··· INFORMATION SUPPLIED ···

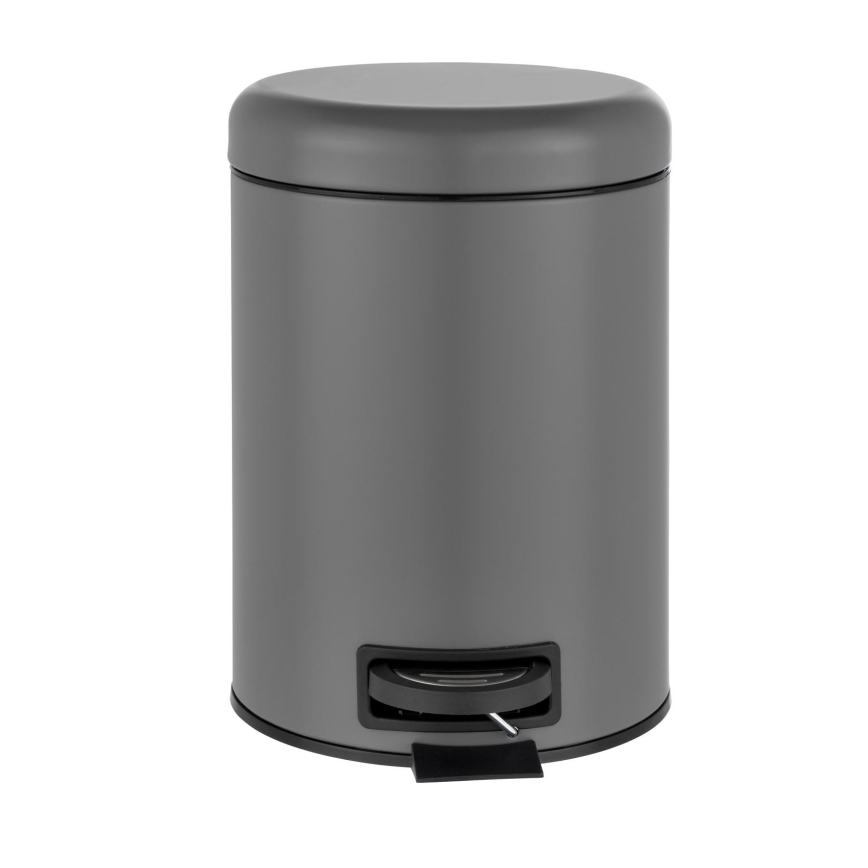 WENKO 24682100 - Cesto LEMAN 21x24 cm cinzento/preto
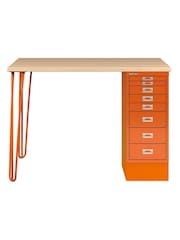 Bisley Orange MultiDesk With Filing Standard Cabinet - Image 2 of 2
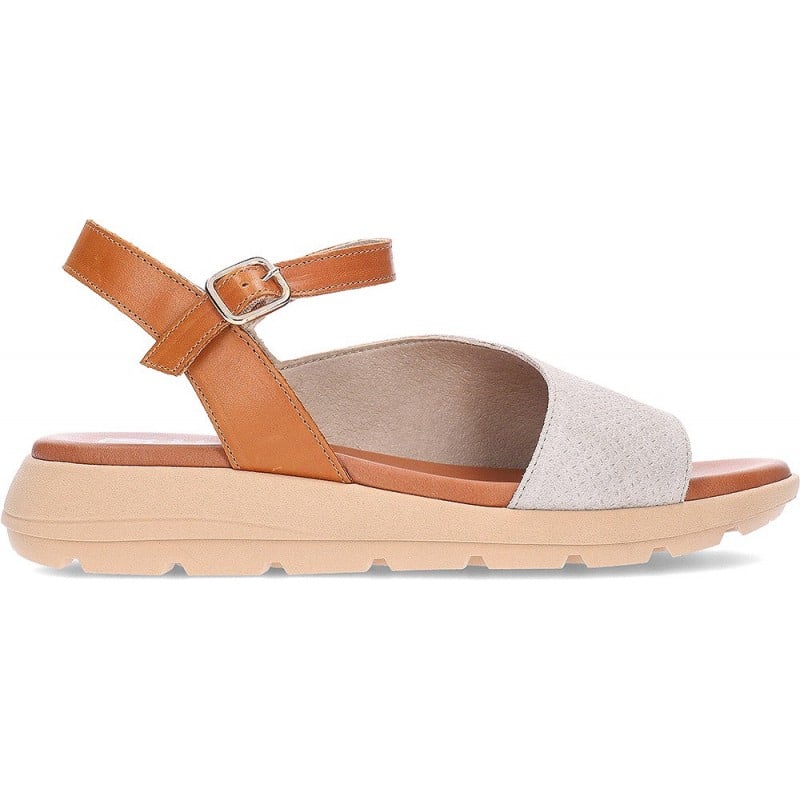 Sandalias para mujer FLUCHOS Gandia D9464 PORCELANA_CUERO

···

**PROBLEM STATEMENT:**
Only the pictures are to be dropped; the rest of the material above must be duplicated exactly.

**RESPONSE BELOW:**
 WENKO 24682100 - Cesto LEMAN 21x24 cm cinzento/preto
 Bisley Orange MultiDesk With Filing Standard Cabinet - Image 2 of 2
 Sandalias para mujer FLUCHOS Gandia D9464 PORCELANA_CUERO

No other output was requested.